[Scraped caption text data]
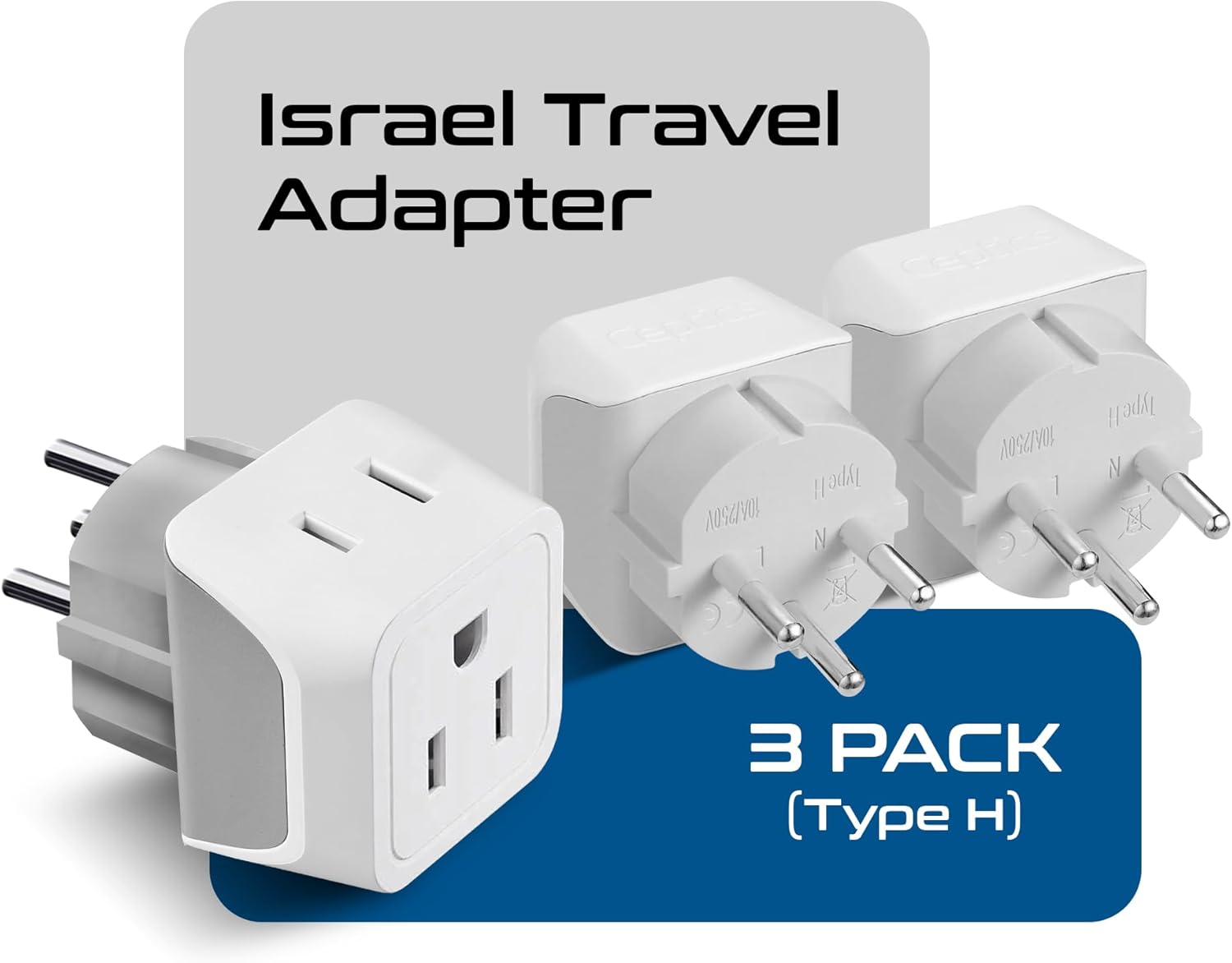 Ceptics Israel Plug Adapter - 2 in 1 Type H Adapter, US to Jersusalem Plug Adapter - Israel, Palestine Travel Adapter Plug, - Dual USA Inputs, CE, RoHS - 3 Pack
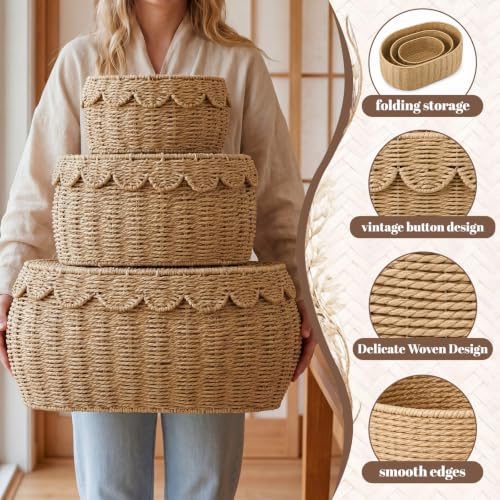 Newtay 3 Pcs Large Scalloped Wicker Rattan Storage Baskets with Lid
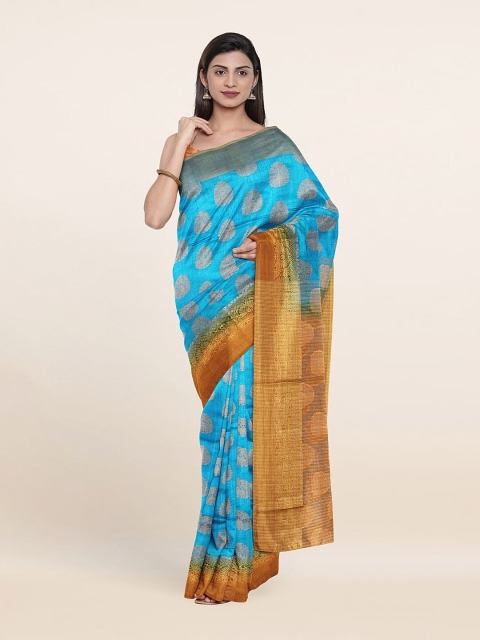 

Pothys Blue & Orange Ethnic Motifs Jute Silk Saree
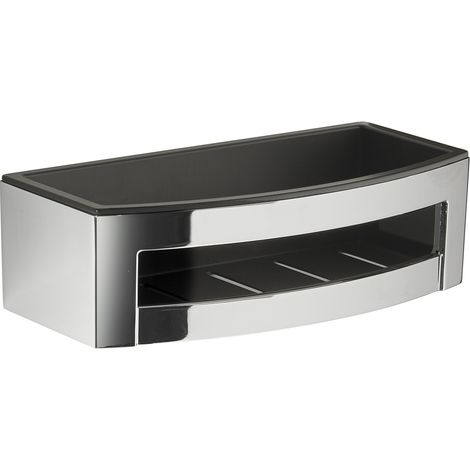 GEDY Zante porta oggetti doccia rettangolare a parete nero cromato codice prod: 0000A7184300000 (1/3)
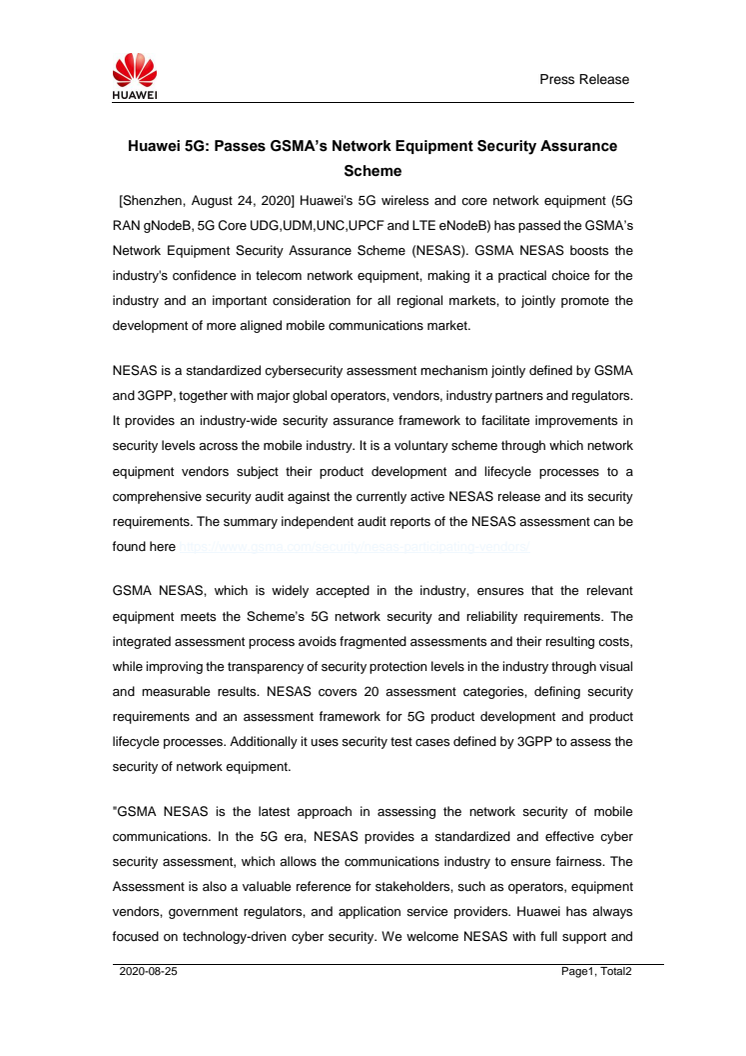 Huawei 5G passes GSMA’s Network Equipment Security Assurance Scheme.pdf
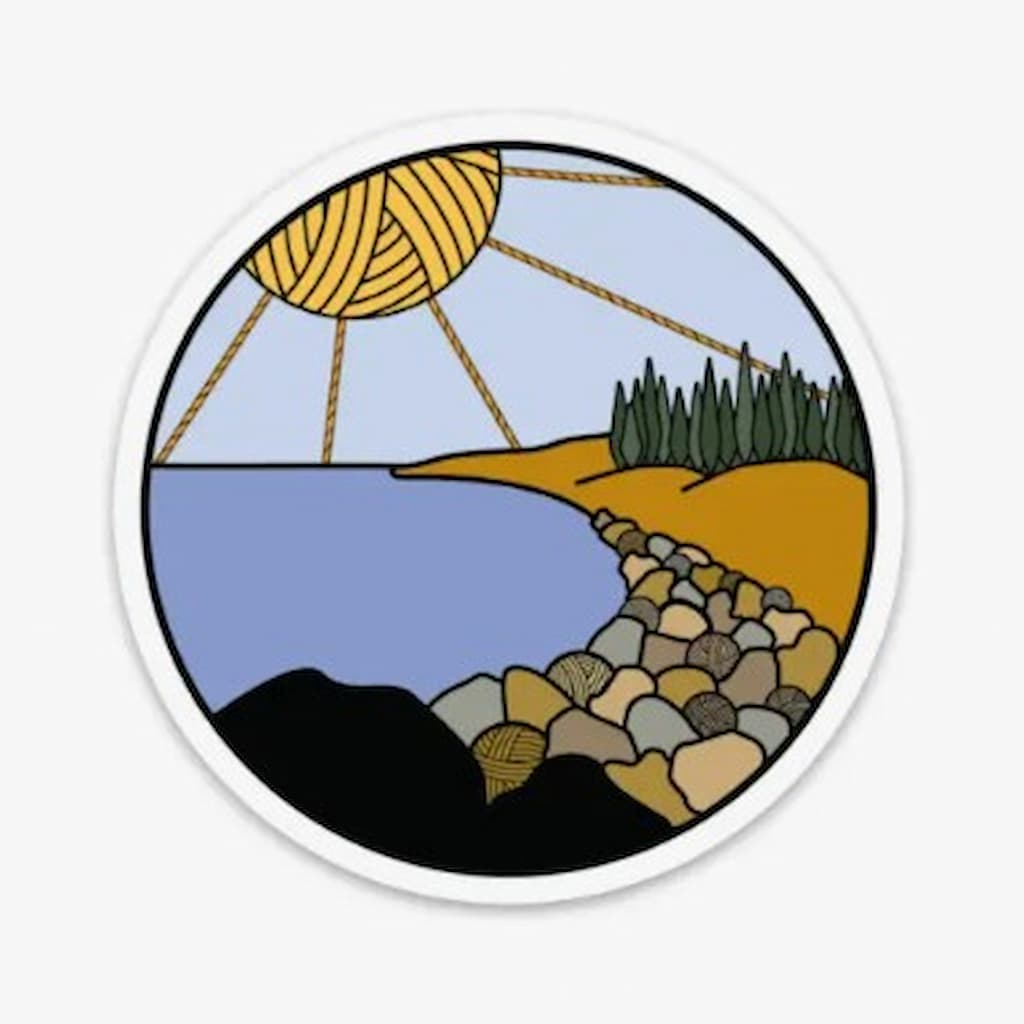 Camp Stitchwood | Acadia Knitional Park Knitting Sticker - Paradise Fibers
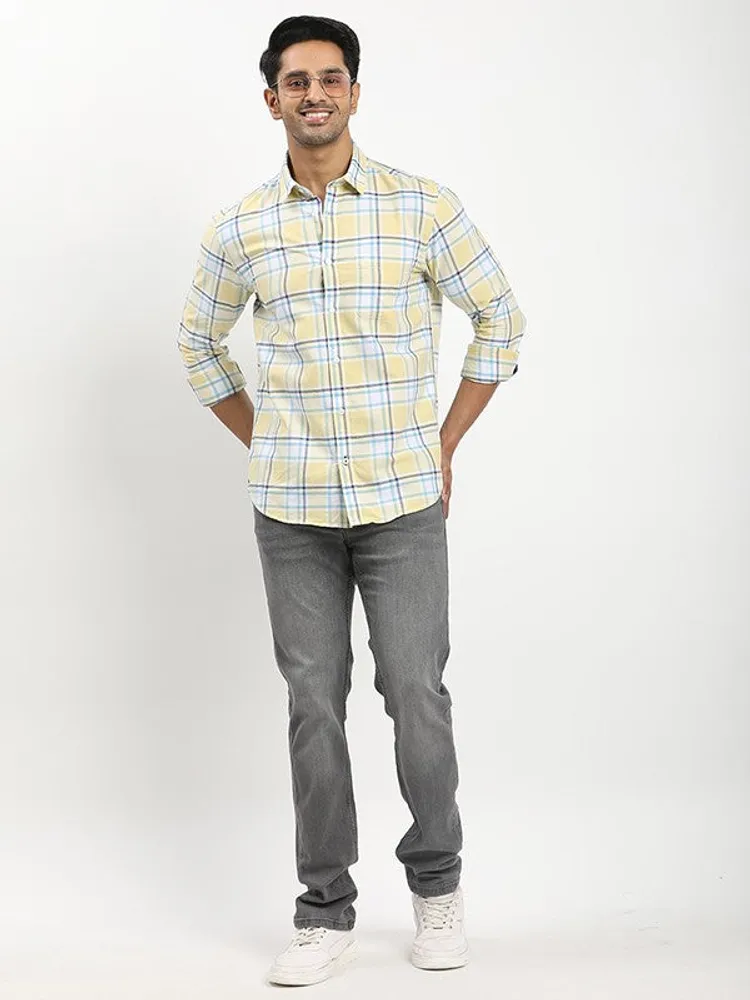 Fairtrade Men Checked Full Sleeve Cotton Blend Shirt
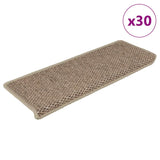 ZNTS Stair Mats Self-adhesive Sisal-Look 30 pcs 65x21x4 cm Sand 3365891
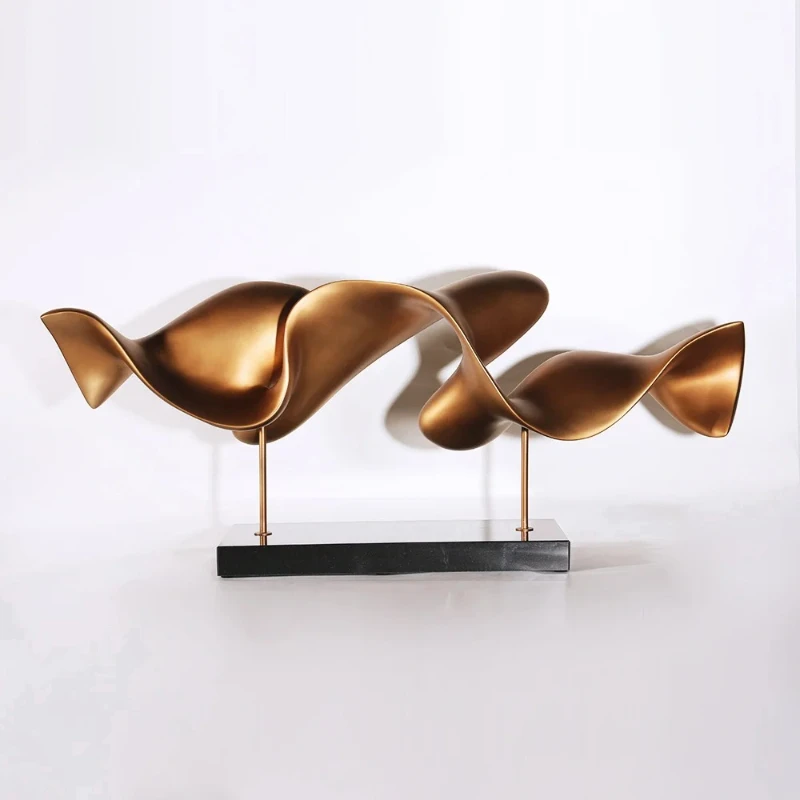 

New Design Hotel Office Decoration Accessories Project Resin Antique Brass Waveform Desktop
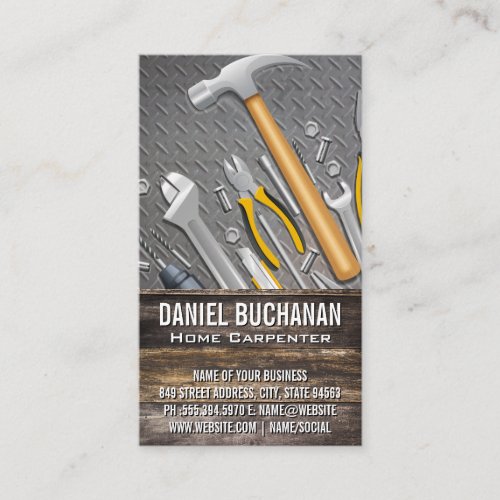 Hardware Tools  Wood and Steel Business Card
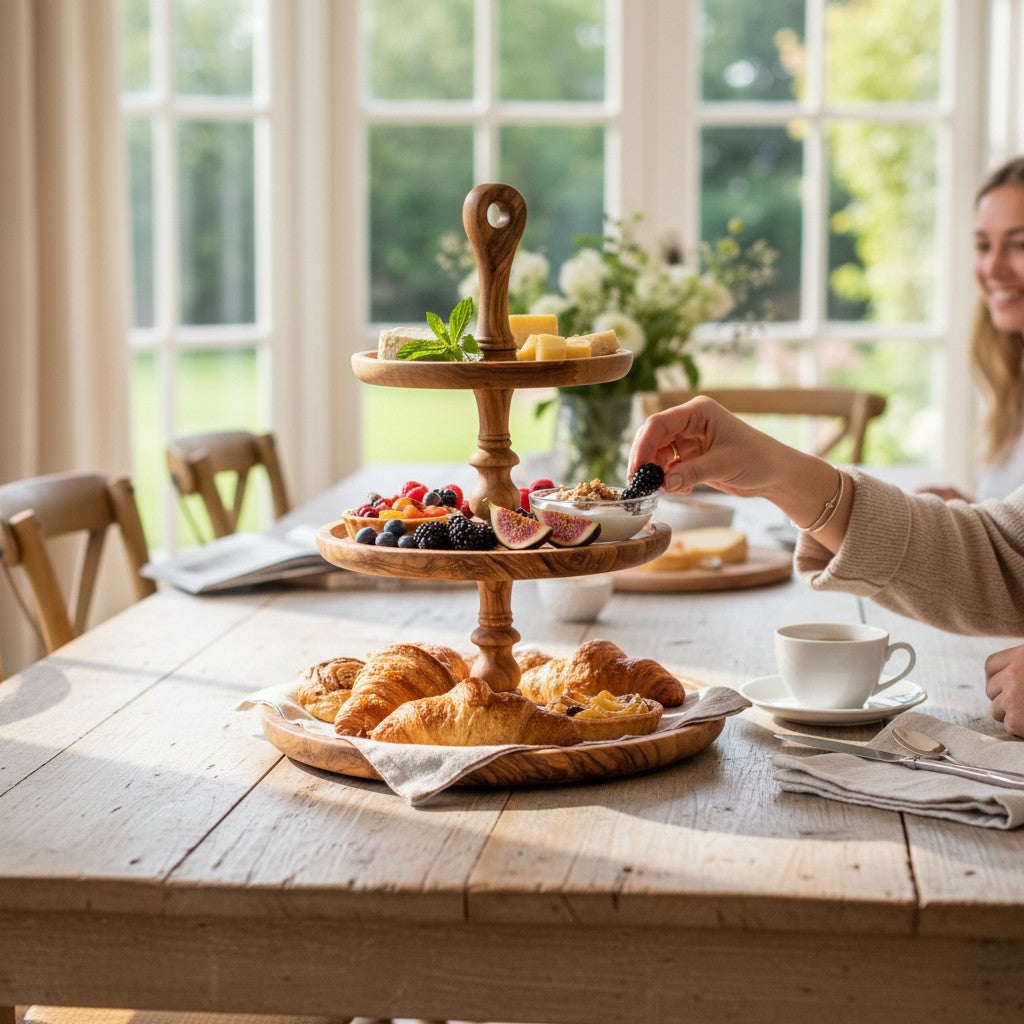 Handmade 3-Tier Olive Wood Serving Stand - Afternoon Tea & Cake Platter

• [TASK DIRECTIONS] Output exactly the lines from the one containing "ZNTS Stair Mats" through the last line of the records above, both included, and leave out the pictures.

• [RESULT BELOW]
 ZNTS Stair Mats Self-adhesive Sisal-Look 30 pcs 65x21x4 cm Sand 3365891

New Design Hotel Office Decoration Accessories Project Resin Antique Brass Waveform Desktop
 Hardware Tools  Wood and Steel Business Card
 Handmade 3-Tier Olive Wood Serving Stand - Afternoon Tea & Cake Platter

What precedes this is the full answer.